Once I take this thing off, out will pop the grapefruits in tube socks, oh boy! Only, they won’t pop; they will descend toward my navel and if I lay down, they will nest in my arm pits. Oh God, who thinks that is sexy? I want his cell number.

I console myself with a big fat Grey Goose and tonic. I remind myself that there is much more to me than my boobs or droopy ass. I am fun to be with, I am reliable, I can cook and I can steer a 40 foot dragon boat without puncturing yachts in the marina. I am a good mother, a good bank employee, a good sister, daughter, friend. My first husband blamed my size on his lack of sexual interest in me even though I gained just 15 pounds more than when we married. I am today 20 pounds heavier than that and as far as I can tell, there is at least one or two men who might want to see me naked… and no, I don’t have to give them money.

Last summer, I had a crush on a man on my dragon boat team.

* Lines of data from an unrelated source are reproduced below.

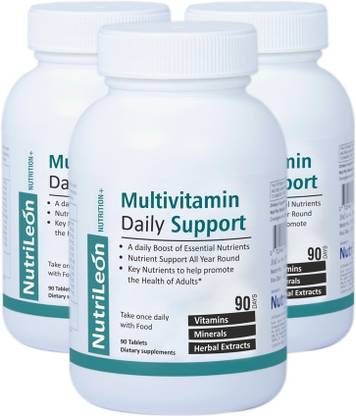 NutriLeon Multivitamin Daily with Spirulina, Ginseng, Pine Bark Extract 270 Tablets
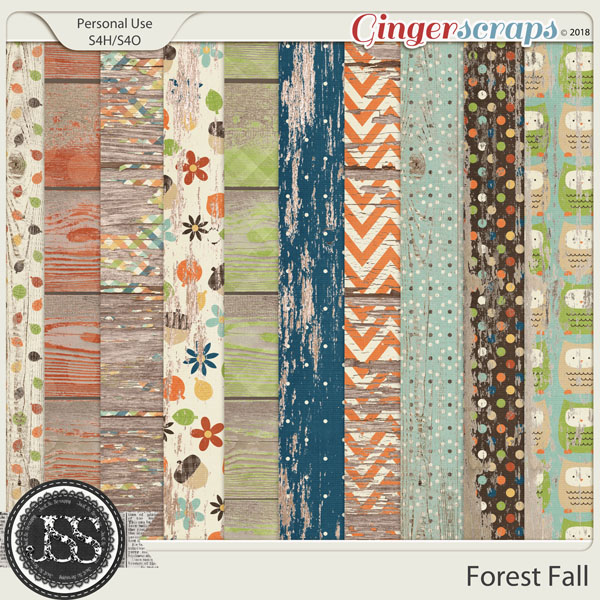 Forest Fall Worn Wood Papers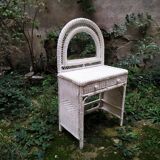 Rattan dressing table
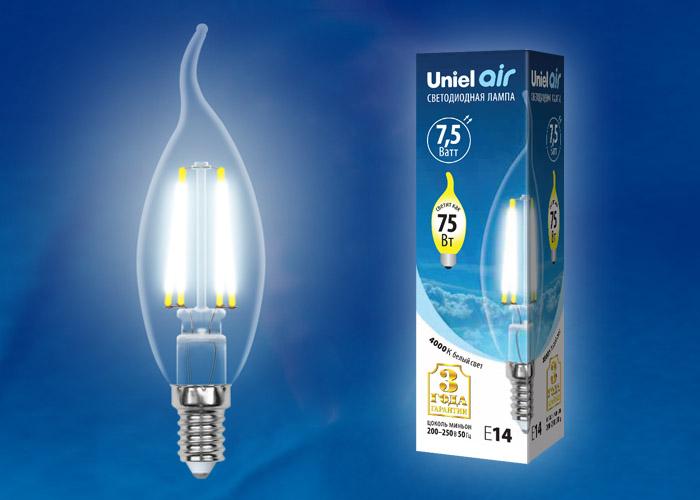 картинка LED-CW-7.5W/NW/E14/CL/GLA01TR картон от магазина pro-decor.kz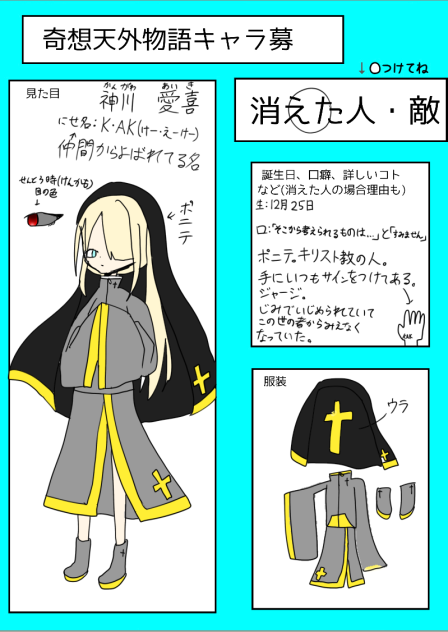 キャラ募！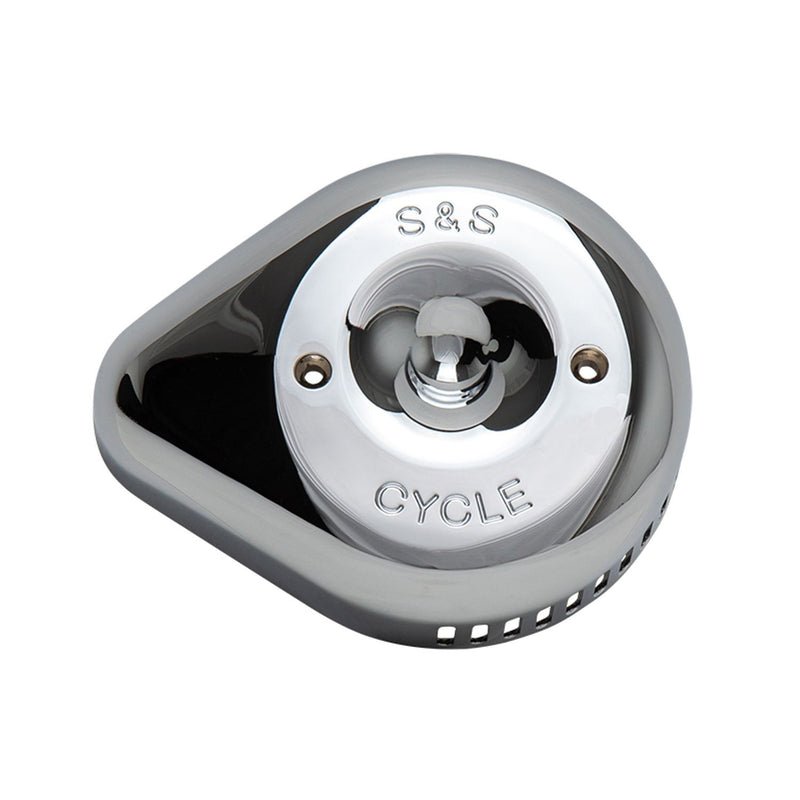 S&S CYCLE Chrome Stealth Slasher Teardrop Air Cleaner Cover - 170-0532 - PartsOutlet.com.au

He was strikingly handsome and we flirted on a few occasions. When the team went to Victoria BC for races, I was thrilled that I might get to spend some time with him. One night at dinner, he was chatting and I overheard him say that he had not met any women recently that he was attracted to. That solved that puzzle – he had ample time and space to get to know me better on that trip, so if he was going to, he would have. Insecurity caked over me like wet mud.

At that same dinner, I left to use the ladies room. I had stopped to admire the artwork along the hallway when out of the men’s room came a young, handsome Canadian man. He bounced into me and said, “Excuse me!” I smiled and he started to talk to me.

“Are you a tourist?” Really? I am wearing an oversized red hoodie with a giant white maple leaf on it, do you think I’m not a tourist? I explained that yes, of course I was a tourist, in town for the Victoria Dragon Boat Races and Festival.

“Do you want to make out?”

What? Did he just say, do you want to make out? Holy Mother of God…

“Make out, like kissing?” I say, surely there is a catch or this will cost money or I will be on some inane Canadian Reality Show…Local hotties hit on fat American tourists, film at 11:00 or local serial killer strikes again, stupid American woman found dead in men's room

“Yeah, that’s what we do here in Canada, we make out.”

“Make out, like no hanky panky, just making out, kissing, that’s it?”

”Yeah, it will be fun, let’s go!” He asks my name and tells me his – it’s Paul.

Paul has a hybrid Canadian-Irish accent and there is not a damn thing unattractive or even creepy about him that I can detect. He is not overtly intoxicated nor am I at this point and I am pondering what in the hell could be appealing about me in an oversized red sweatshirt. I’ve been racing on Inner Harbour all day, no make up, hair blown in three different directions, and Oh God, the huge white maple leaf festooned across my rack! It causes me to blurt out, “But you’re so attractive...” as if to say, why the hell would you want to kiss me?

Paul says, ”Yes – you are.” Okay, game on, that puts me over the edge of restraint and I agree to “make out” with Paul. He ushers me by the hand into the men’s room of this swank restaurant, locks us into a stall and we proceed to make out.

He is a great kisser, there is groping to be sure, and I shoo his hands away from the danger zones. I am not about to go “all the way” with a stranger, albeit young, foreign and handsome, in a men’s restroom in Victoria, British Columbia. I am reminded of my handsome and young first husband, also Canadian and am pronged with a spur of sadness but only for a moment. The “making out” lasts all of five minutes until my logic sensors decide to push him away from me before things get out of hand. He does not persist to my relief.

Back in the hallway, I tell him that he’s made my weekend, hell, my year. He smiles and walks away. He turns back and says, “Hey!”

“yes?”

“What’s my name?”

“Paul…” I say smiling, still not sure that any of it just happened. He says, “Will you remember me?”

Yes, for the rest of my life.

And that is the story of how I know I’m attractive, $55 bra or not.